#### REQUIRED WORK
Here the job is to transcribe only the lines from the one containing "Brown tweed check" through the last line below, exactly as written; please leave out pictures.
INPUT RECORDS below:
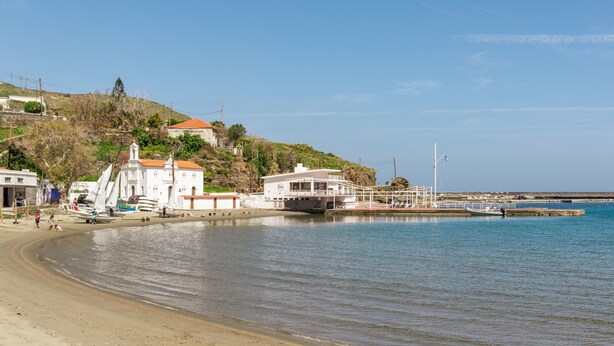 Una zona costera con playa de arena, barcos y edificios con tejados rojos.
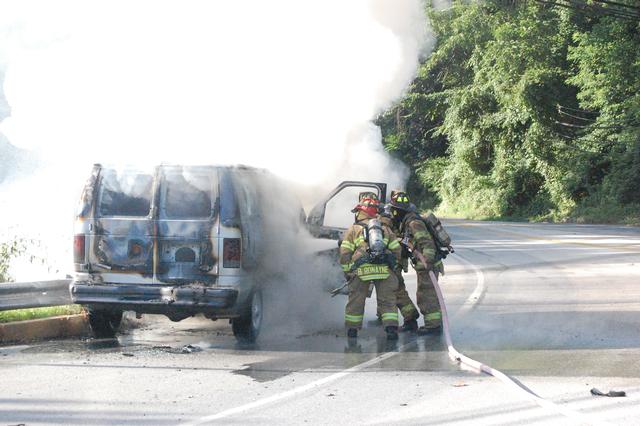 Van Fire on Rt. 52 in East Bradford Township.  FF's Justin McClure and John Morris extinguishing the fire assisted by Lt. Ronayne.  July 2009.
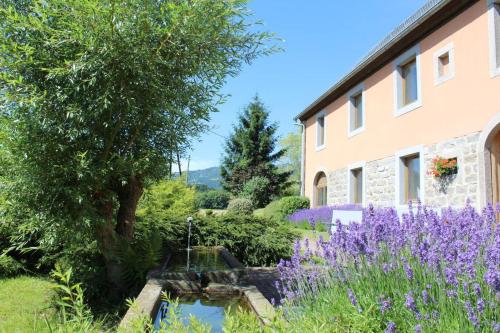 un jardín con flores púrpuras junto a un edificio en Gîte Les 4 Saisons, en Orbey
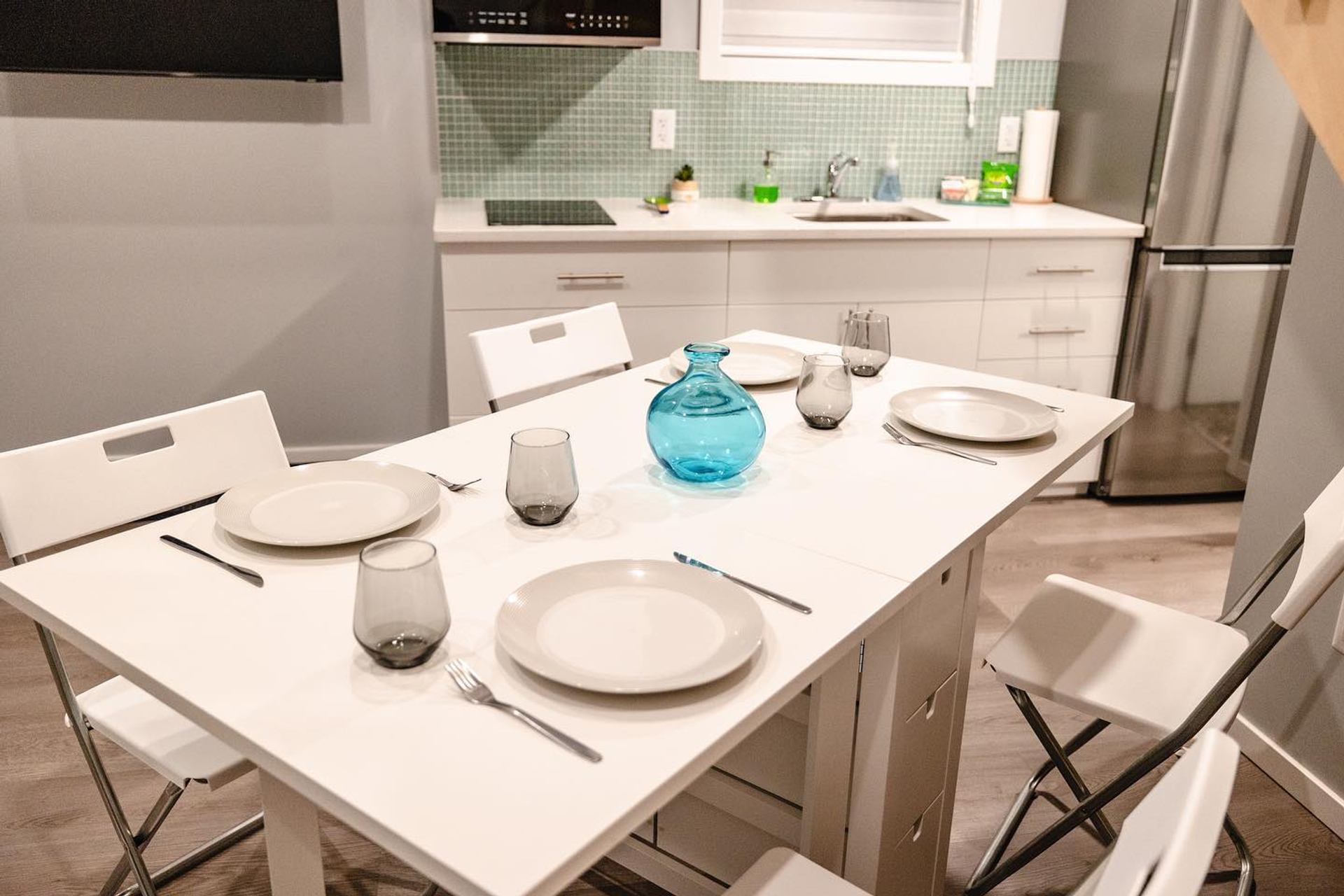 Kitchen dining table set with plates, glasses, and a blue vase in a modern bungalow.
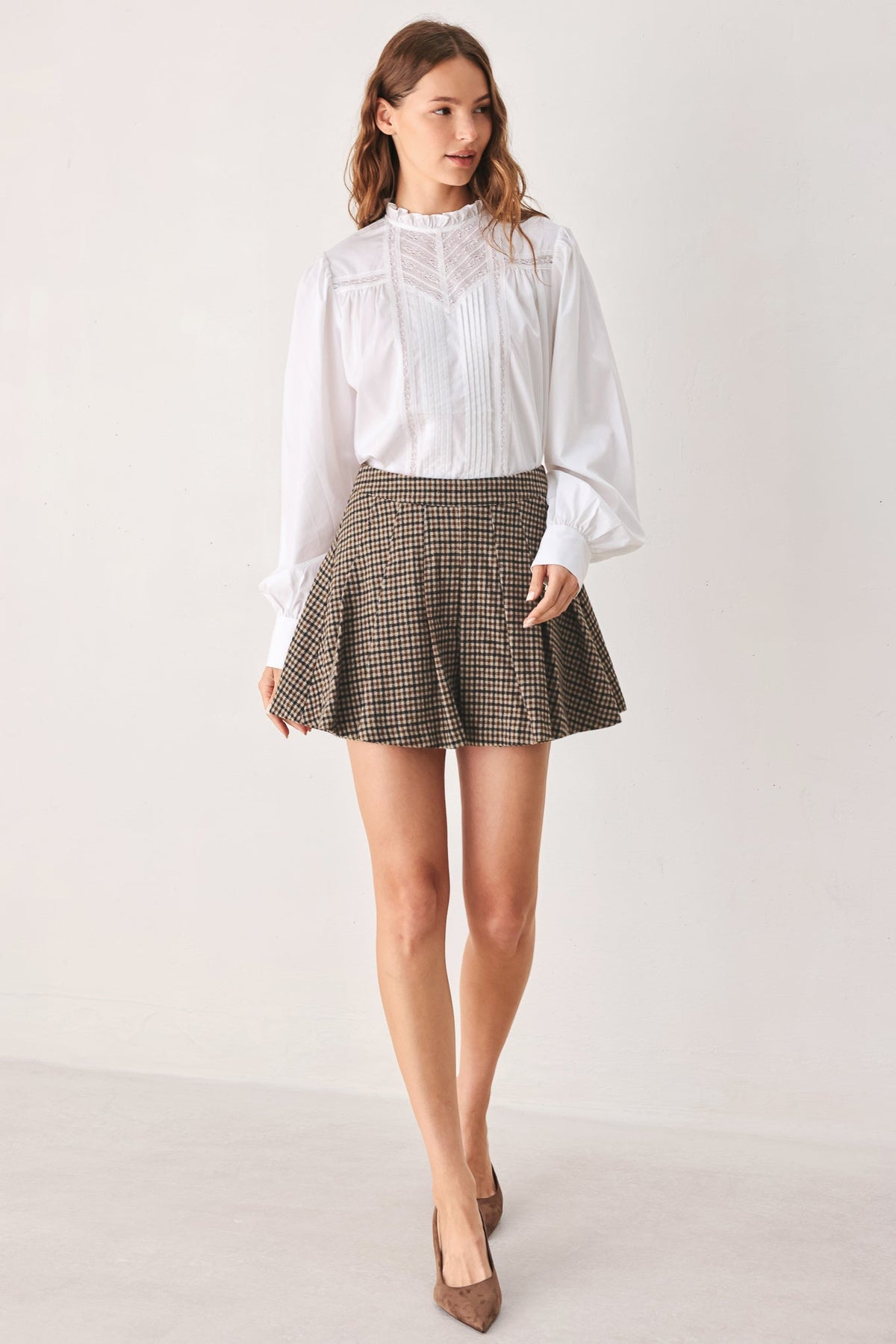 Brown tweed check skort with pleated front and flared mini length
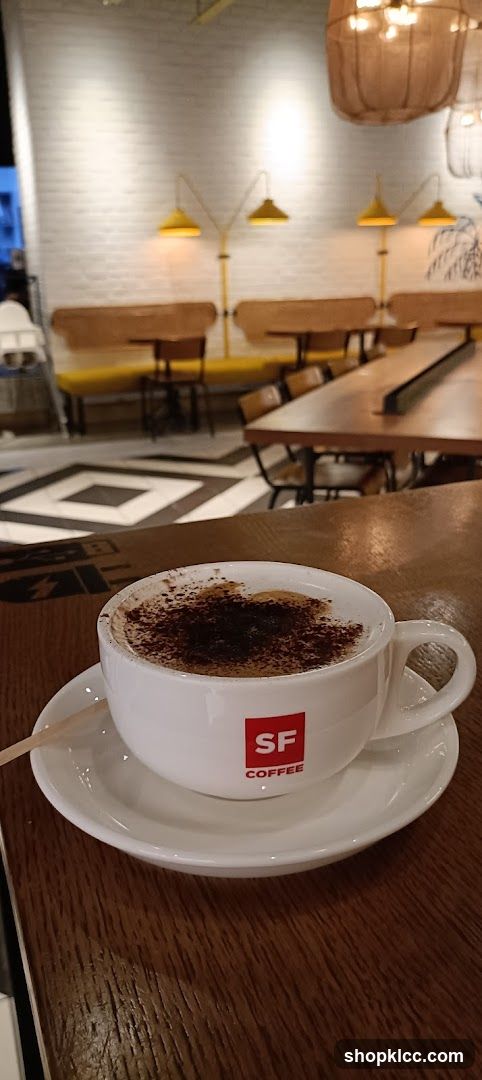 Cappuccino with SF Coffee logo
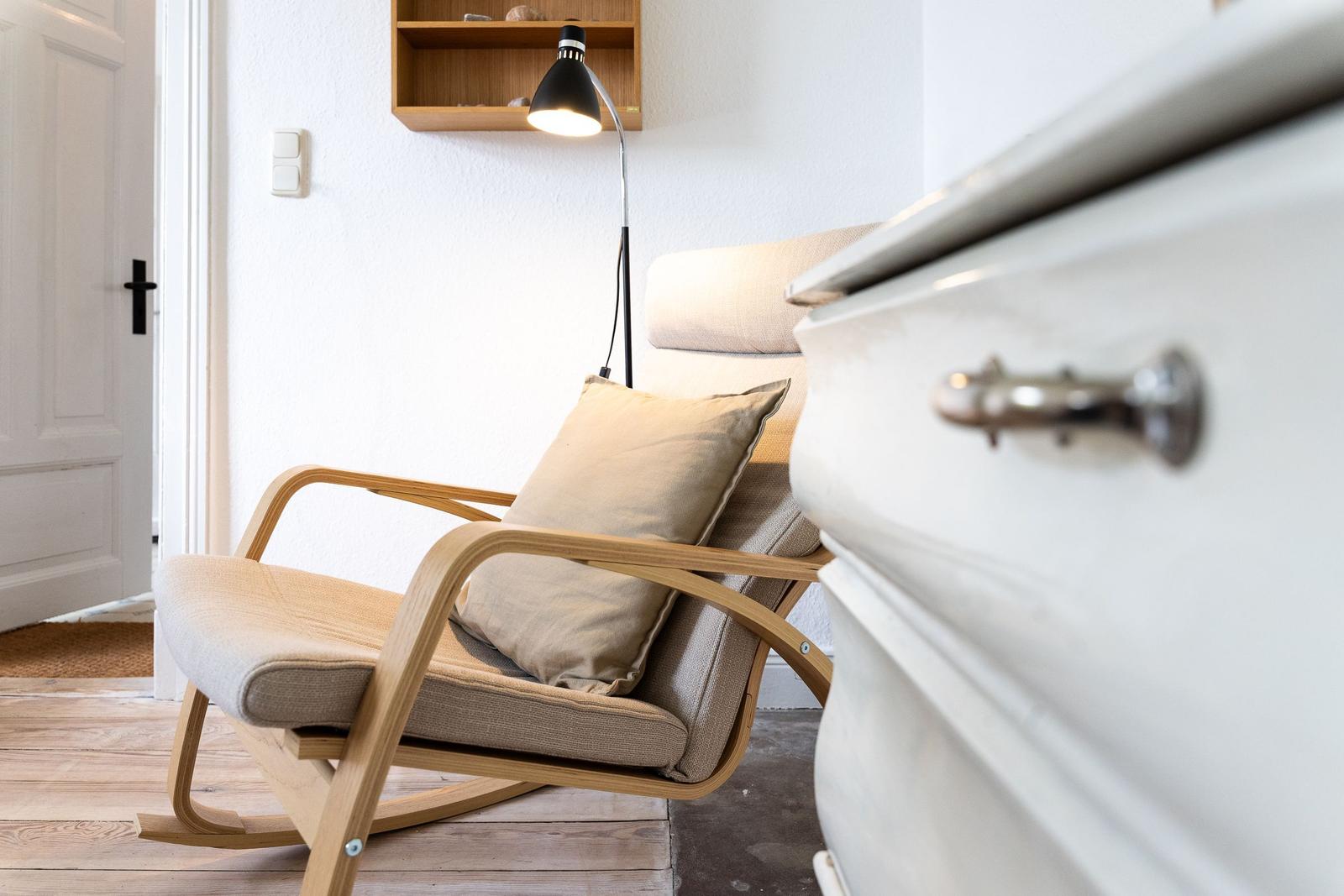 Ein Holzschaukelstuhl mit Kissen steht neben einem weißen Schrank. Eine Stehlampe beleuchtet den Raum.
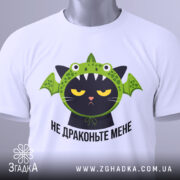 Футболка не драконьте мене, біла, складена на столі, фон світлий, принт з чорним котом у зеленій драконячій шапці, з етикеткою на зеленій стрічці.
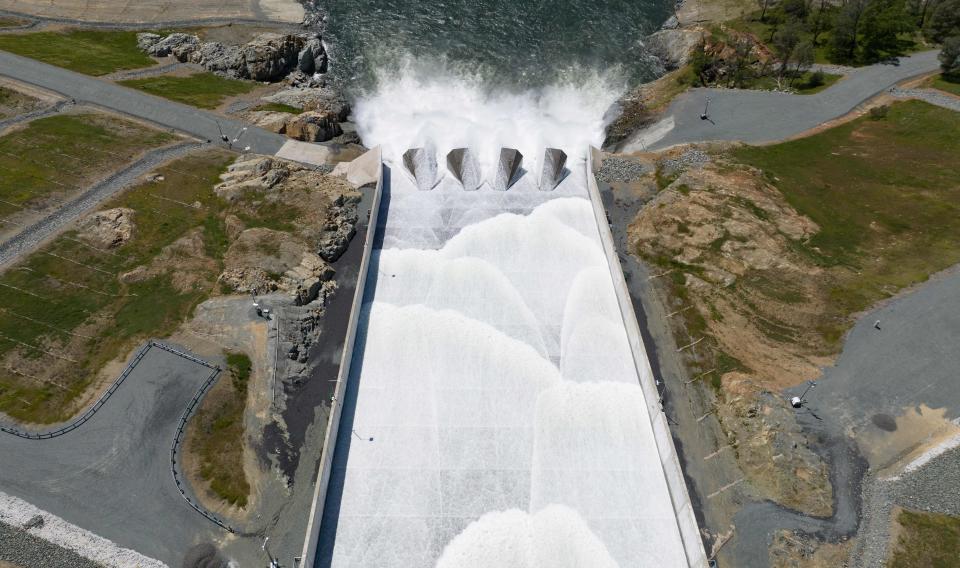 In this aerial photo, water is released from Lake Oroville down a spillway in Oroville, California, on April 16, 2023. A very wet winter has left California's reservoirs looking healthier than they have for years, as near-record rainfall put a big dent in a lengthy drought.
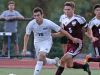 Jack Beer of Byram Hills keeps the ball away from Harrison's Ryan Homem during their game on Monday. Boys soccer beat writer Vin Mercogliano has Beer and the Bobcats winning a section title in Class A.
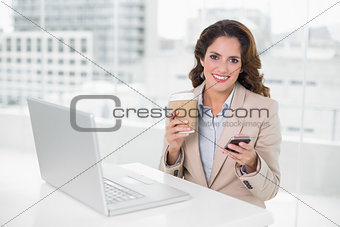 Cheerful businesswoman holding disposable cup and smartphone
End of INPUT RECORDS.
#### PROBLEM SOLUTION
 Brown tweed check skort with pleated front and flared mini length
 Cappuccino with SF Coffee logo
 Ein Holzschaukelstuhl mit Kissen steht neben einem weißen Schrank. Eine Stehlampe beleuchtet den Raum.
 Футболка не драконьте мене, біла, складена на столі, фон світлий, принт з чорним котом у зеленій драконячій шапці, з етикеткою на зеленій стрічці.
 In this aerial photo, water is released from Lake Oroville down a spillway in Oroville, California, on April 16, 2023. A very wet winter has left California's reservoirs looking healthier than they have for years, as near-record rainfall put a big dent in a lengthy drought.
 Jack Beer of Byram Hills keeps the ball away from Harrison's Ryan Homem during their game on Monday. Boys soccer beat writer Vin Mercogliano has Beer and the Bobcats winning a section title in Class A.
 Cheerful businesswoman holding disposable cup and smartphone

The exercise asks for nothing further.